Stowell's Suggestions

Here's the clip:

The idea is to take a C7 and superimpose a minor-major 7 arpeggio on it. To extend this idea, we can fill in the minor-major 7 arp with either the Melodic or Harmonic Minor scale. I strongly suggest working with the arps first, then filling in the extra scale notes later.

Here are the four minor-major 7 arps that can go on C7, along with the non-chord-tones they contain relative to the C7:

  • C#m Maj 7 (b9, #5)
  • Bb Maj 7 (b9, 11, 13)
  • Gm Maj 7 (9, #11)
  • Fm Maj 7 (11, b13)

Filling in the notes of Melodic Minor for each of these gives the following modes:

  • C#m Maj 7 --> Altered
  • Bbm Maj 7 --> Dorian b9
  • Gm Maj 7 --> Lydian Dominant
  • Fm Maj 7 --> Mixolydian b13

Each of these is a different sound that needs to be internalised, of course, and each works in different settings. Most famously, the Altered and Dorian b9 are most comfortable when the C7 is functioning as the V in a V-I or V-i. The other two generate a lot less tension and work well when the C7 is going somewhere else, or even when it's a point of rest (as in the first bar of a blues in C). Getting these into your ears is much more important than remembering the names.

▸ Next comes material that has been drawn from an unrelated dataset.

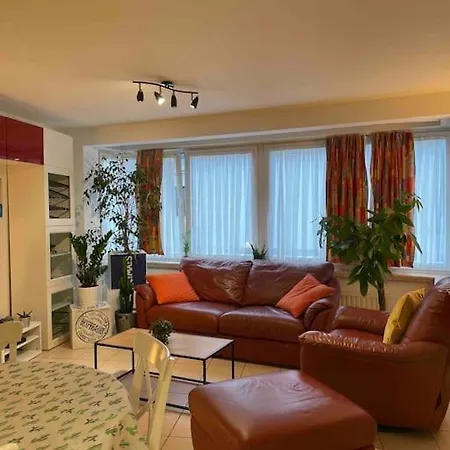 90m2 Op 70m Van Het Strand. Appartement Ostende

Using Harmonic Minor instead, we get:

  • C#m Maj 7 --> Super Locrian bb7
  • Bbm Maj 7 --> Locrian nat 6
  • Gm Maj 7 --> Dorian #11
  • Fm Maj 7 --> Phrygian Dominant

Other Possibilities

For fun, I then took a look at p.96 of my book to see what else I might try with minor-major 7 arps. The ones we know about are b2, 4, 5, b7. I would generally want to avoid mixing altered and unaltered versions of the same extension (e.g. mixing a 9 and a b9), although maybe that's something I'll experiment with in the future. In this way I came up with my own quartet of minor-major 7 arps that can be substituted onto a C7:

  • Em Maj 7 (#9, nat 7)
  • F#m Maj 7 (b5, b9, 11, 13)
  • G#m Maj 7 (#9, nat 7, b13)
  • Am Maj 7 (#5, 13)

These are definitely a bit more tricky than John's examples, because they don't come from familiar scales. Because of the presence of the nat 7, I feel like the E and G# versions work better on a CMaj7 than a C7, so I'll discard those for now. Let's see what happens when we combine the other two with the notes of the C7 arpeggio (in the second case I marked the 2 note with a ? since it's missing):

  • F#m Maj 7 --> C Db E F Gb G A Bb (mode of Pavani add b6)
  • Am Maj 7 --> C ? E G G# A Bb (mode of Neapolitan?)

Sounds to me like there are some cool sounds hiding in here for those willing to dig into them.